Cette réécriture n’a pas convaincu les associations, notamment parce que le texte mentionne l’aide au séjour mais n’évoque pas l’aide à l’entrée ou la circulation au sein du territoire français, ce qui met encore en danger les personnes transportant des migrants.

Les derniers procès relevant du « délit de solidarité »

Des cas récents montrent que les modifications faites par Manuel Valls n’ont pas empêché la poursuite de bénévoles ayant aidé des migrants. Outre Cédric Herrou, trois procès ont eu lieu sous le quinquennat Hollande, démontrant un décalage entre la position du parquet et la volonté affichée par Manuel Valls (qui a déclaré notamment devant la commission du Sénat le 25 juillet 2012 : « Notre loi ne saurait punir ceux qui, en toute bonne foi, veulent tendre une main secourable. »)

En avril 2016, Fernand Bosson, conseiller municipal et ancien maire de la commune d’Onnion (Haute-Savoie), a été jugé par le tribunal correctionnel de Bonneville pour avoir hébergé pendant deux ans une famille kosovare déboutée du droit d’asile. Il a finalement été déclaré coupable mais dispensé de peine – le procureur avait pourtant requis une amende de 1 500 euros.

Huit mois plus tard, s’est tenu le procès de Pierre-Alain Mannoni, professeur à l’université de Nice Sophia-Antipolis et chercheur au CNRS. Niçois, il avait transporté trois Erythréennes blessées, d’un camp illégal de migrants dans la vallée de Roya à la gare de Nice, afin qu’elles rejoignent Marseille pour se faire soigner.
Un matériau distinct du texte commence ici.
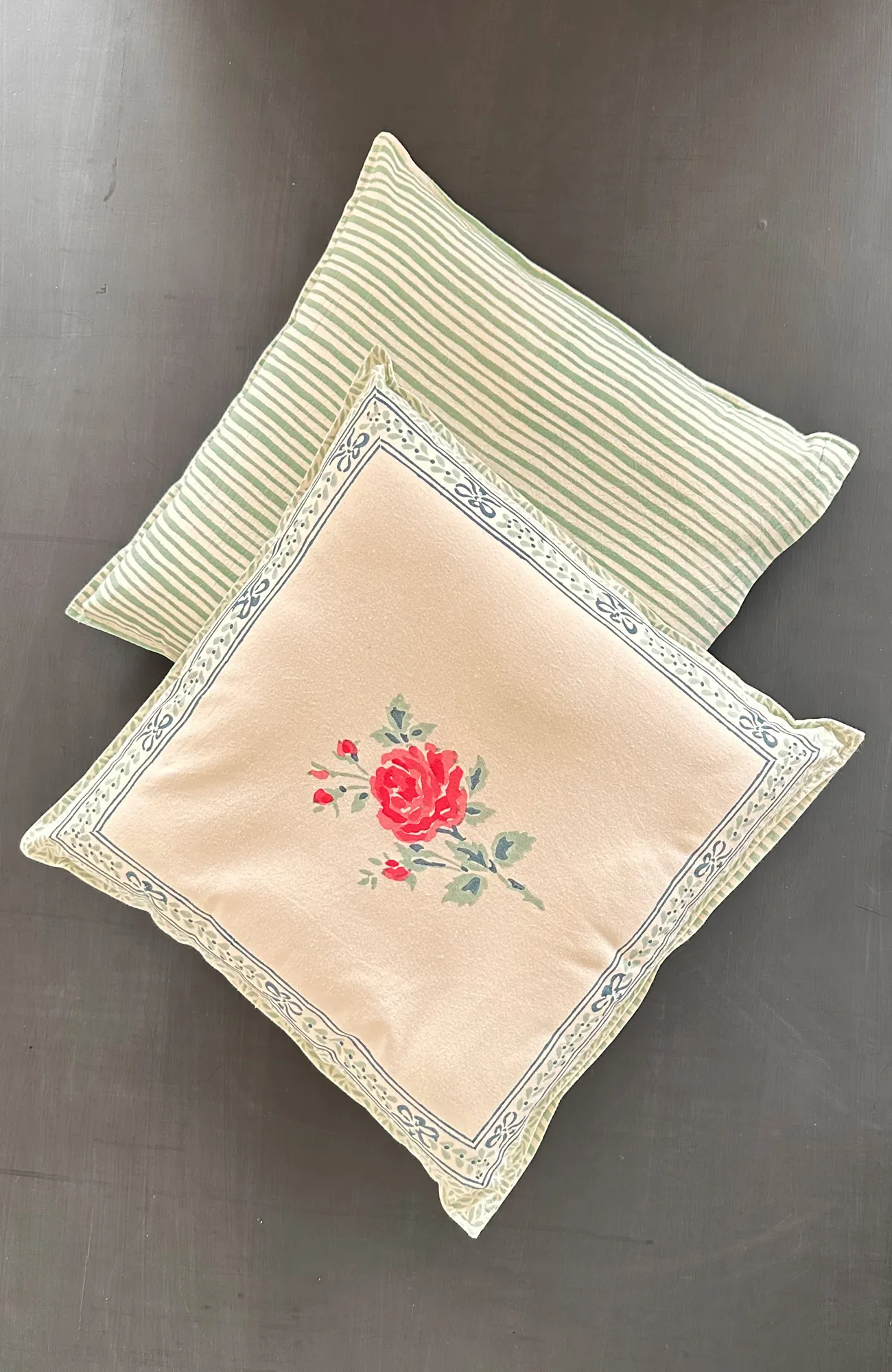 CUSHION COVER SET OF - 2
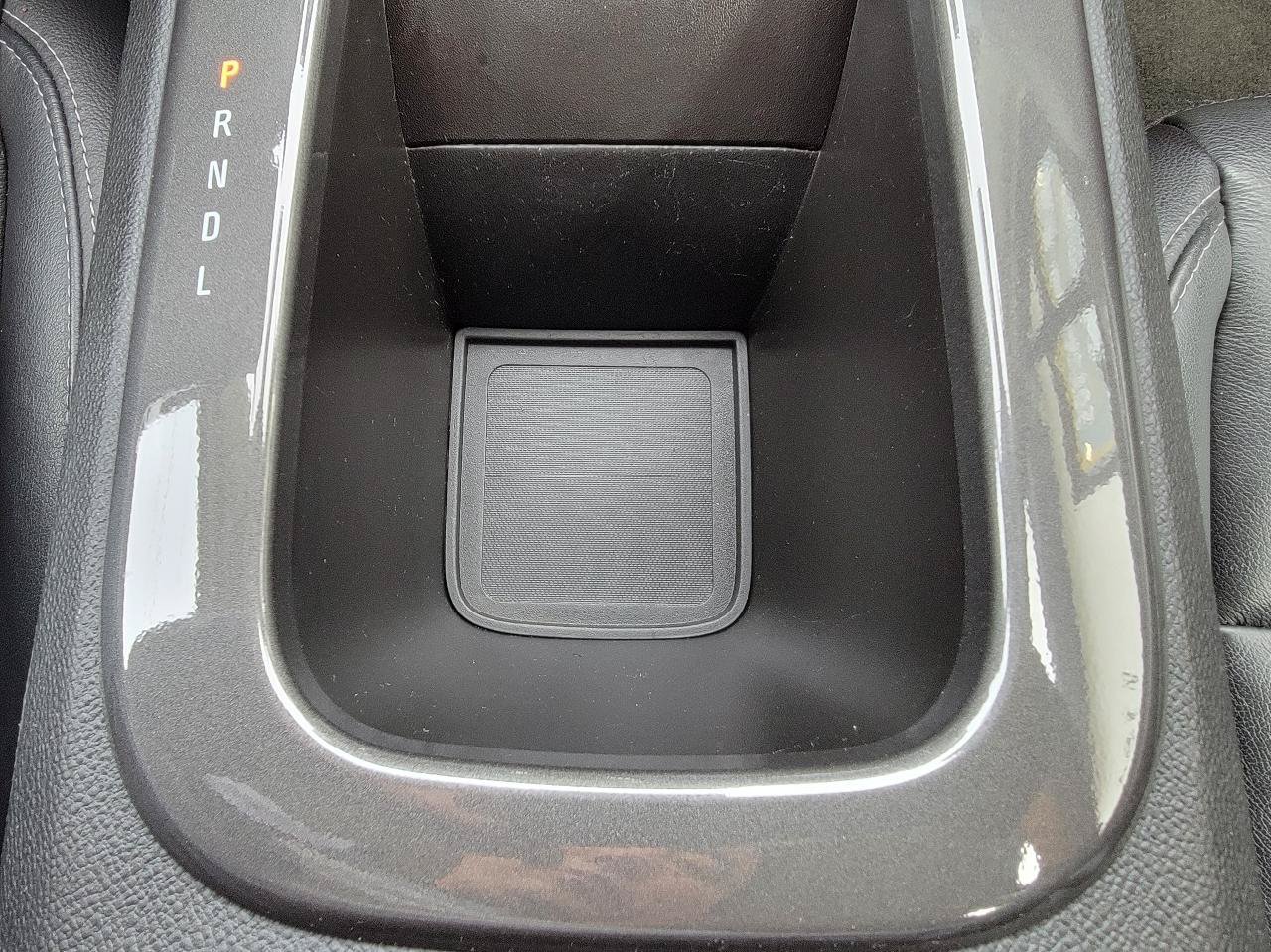 Used 2015 Chevrolet Volt Premium w/ Premium Trim Package FWD image 35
Dans la vallée de la Roya, une zone montagneuse située entre l’Italie et la France, de nombreux migrants incapables de passer la frontière, restent bloqués et un collectif d’habitants s’est créé dans la région pour leur venir en aide. Ces épisodes juridiques pourraient encourager le législateur à lever le flou sur les limites du « délit de solidarité ».